Böylesi bir dönemde Erdoğan’ın yardımına “Yahudi lobisi” koşmuş, içinde Henry Kissinger’ın da bulunduğu geniş bir heyet, AKP’lilerle bir görüşme gerçekleştirmişti.
AKP medyasının o dönemde “üst düzey yatırımcı ve iş adamı” olarak pazarlamaya çalıştığı bu heyet aslında zengin bir Yahudi topluluğuydu.
Heyetin içinde Yahudi bir banker olan Rotschild ailesinin mensubu James Rotschild ve yine Polonya kökenli bir Yahudi ailesinden Michael Bloomberg gibi çok önemli isimler de vardı.
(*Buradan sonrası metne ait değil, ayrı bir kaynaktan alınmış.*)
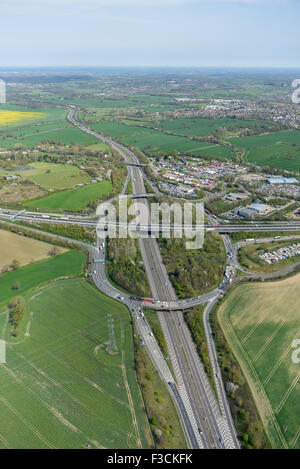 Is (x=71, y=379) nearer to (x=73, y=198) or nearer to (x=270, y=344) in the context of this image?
(x=270, y=344)

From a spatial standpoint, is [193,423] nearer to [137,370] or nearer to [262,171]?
[137,370]

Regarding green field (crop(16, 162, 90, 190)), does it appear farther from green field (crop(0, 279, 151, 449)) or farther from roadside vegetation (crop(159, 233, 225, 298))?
green field (crop(0, 279, 151, 449))

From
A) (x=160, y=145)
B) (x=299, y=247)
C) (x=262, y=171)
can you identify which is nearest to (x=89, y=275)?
(x=299, y=247)

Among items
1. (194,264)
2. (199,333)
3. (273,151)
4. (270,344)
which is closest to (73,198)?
(194,264)

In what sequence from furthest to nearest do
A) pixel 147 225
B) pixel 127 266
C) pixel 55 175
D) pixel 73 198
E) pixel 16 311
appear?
pixel 55 175 < pixel 73 198 < pixel 147 225 < pixel 127 266 < pixel 16 311

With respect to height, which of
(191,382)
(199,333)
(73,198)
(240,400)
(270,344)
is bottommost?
(240,400)

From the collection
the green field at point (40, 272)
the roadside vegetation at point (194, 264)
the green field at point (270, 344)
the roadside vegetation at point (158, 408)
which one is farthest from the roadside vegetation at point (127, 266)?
the green field at point (270, 344) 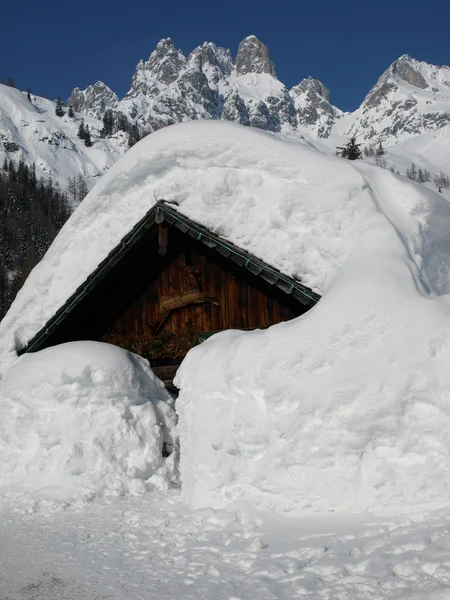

Bu görüşme aslında ABD kamuoyuna verilen bir mesajdı.
Henry Kissinger ve “Yahudi lobisi” zor bir döneminde Erdoğan’a yeniden el uzatıyor ve dostluk gösteriyordu.
ABD ve Türkiye arasında her dönem var olan gerilime rağmen kopmayan ilişkiyi de bu “görünmeyen el”in himayesinde aramak gerek.
Ama işte insan ömrünün de bir sonu var. Artık Kissinger da olmayacak. Biz yine de insanlığımızı yapalım. Toprağı bol olsun, dostu olan tüm İslamcıların da başı sağ olsun!